One notable difference between what I’m calling “Sword and Sorcery” here and second-generation fantasy, which is post-D&D, is the attitude to magic. In the first Amber series, magic is still mysterious and dangerous, subtle and sanity-shattering. You don’t have to be crazy to be a magician, but it helps (i.e, Dworkin and Brand). The magic we see worked by Corwin, Oberon and others looks like poetic improvisation, creative manipulation of shadow that resembled legend rather than the systematic spellcasting Merlin uses in the later books, which is very Vancian – that is, D&Dish.

About that power-creep: part of the appeal of the Amber books is that the scope keeps getting broader, with a series of revelations building up and the characters using their new insights to leverage established and newly-revealed powers in novel ways. That dynamic works beautifully in a roleplaying game. Even in the Corwin books, you wonder how the setting remained static for thousands of years if it could be upset so quickly, but in the Merlin books the power accumulates at an exponential* rate that’s just ridiculous. Ludicrous, even.

But back to the time period thing – Corwin’s books occur, according to this Amber Timeline some time around the period they were written – 1968-1977 or so. I want to keep my game close to that, so in my world it would be 1981 or so – no cellphones and WWW on shadow earth!

* – thanks, Ori.

Categories
Roleplaying

roleplaying and writing craft

Both Vered and Israel take me to task about my previous post, saying that real reality is just as fabricated as game reality. Israel at least acknowledges that roleplaying games foreground this constructed nature. I still think that physical reality actually has something objective underlying all the interpretations and flawed impressions. I also think (and this is perhaps closer to Sheppard’s points) that there’s something both exciting and disturbing in translating the artifact of “soft” improvised storytelling performance to “hard” textual narrative, and in feeding the more concrete but further removed account back into the primary experience of play.

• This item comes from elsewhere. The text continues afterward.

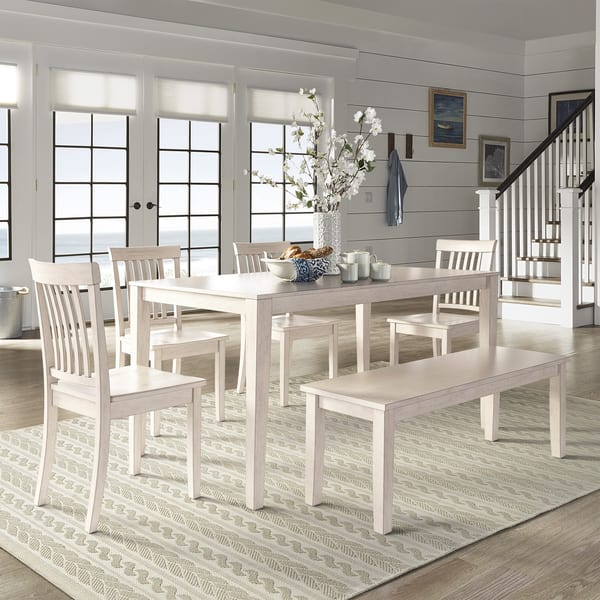 Wilmington Ii 60 Inch Rectangular Antique White Dining Wilmington Ii 60 Inch Rectangular Antique White Dining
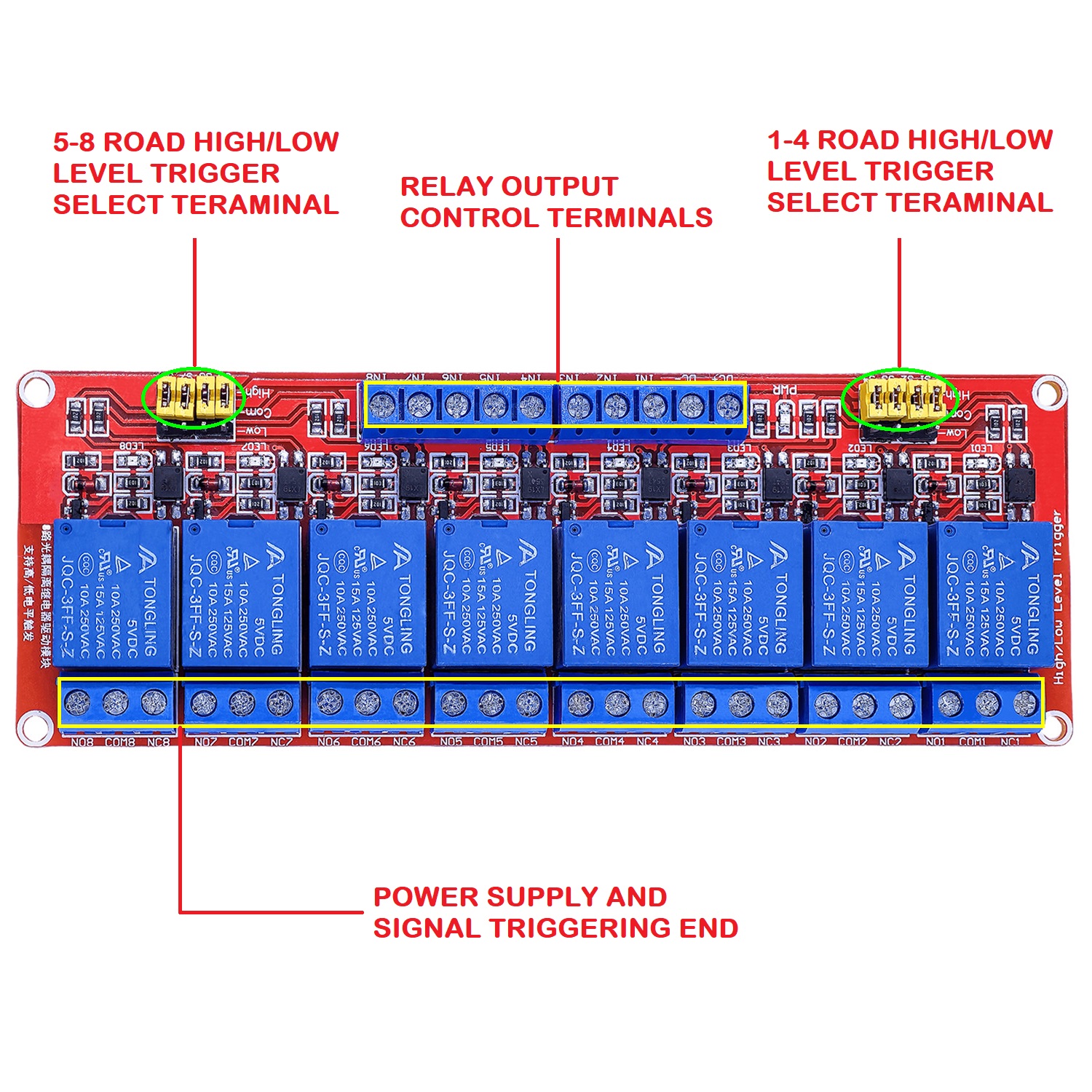 Relay Module 8 Channel 5V 12V  - огляд і ціна Relay 8 Channel Board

Anyway, here’s another essay that touches on the relationship between writing and roleplaying games. In response to the Clarkesworld article about the influence of roleplaying games on modern fantasy writers,  Marie Brennan, a fantasy novelist who’s an actual roleplayer (her site links to the site of the campaign she ran, complete with session recaps, some of them far more partial than others – although nothing as succinct as some of ours), writes about how RPGs have made her a better writer. This in a bit of a contrast to the Clarkesworld thing, where most of the writers interviewed seem to say that roleplaying games let them exercise their imaginations a bit, but they’d all much rather focus their creative energies on fiction: Brennan actually talks about how roleplaying can change the way you think about story and character and plot.

By coincidence, I was trying to articulate my dissatisfaction with Asaf Ashery’s Waiting in the Wings, aka סימנטוב to us Hebrew readers (beyond the usual “bastard wrote a novel and I didn’t” joy every original Israeli fantasy work inspires). I can say it feels as if a second act is missing, that fortune tellers using New Age blather as plot-device constructing technobabble really doesn’t excite me, etc. I can also use roleplaying advice terminology and say that the main character gets de-protagonized by the writer’s pet NPCs, i.e, powerful secondary characters hand her big chunks of the plot’s resolution through no effort of her own.

It was the countess who turned me on to thinking of fiction in roleplaying terms; by looking at the characters and action of a book as though they were the result of some imaginary gaming group’s actual play, you can rationalize the flaws in the fiction – and highlight them for either entertainment or critical analysis. For instance (and I know this is a trivial example), that strong witch queen character with a fascinating background that shows up in the begining of Phillip Pulman’s Subtle Knife and then vanishes for most of the book, except for a small and pointless scene later on? The countess pegged her nicely as a guest-NPC played by Greif. That may evoke a smile (well, if you’ve had the pleasure of gaming with the relevant party), but it also highlights a character that ends up a as a gaudy distraction to the reader.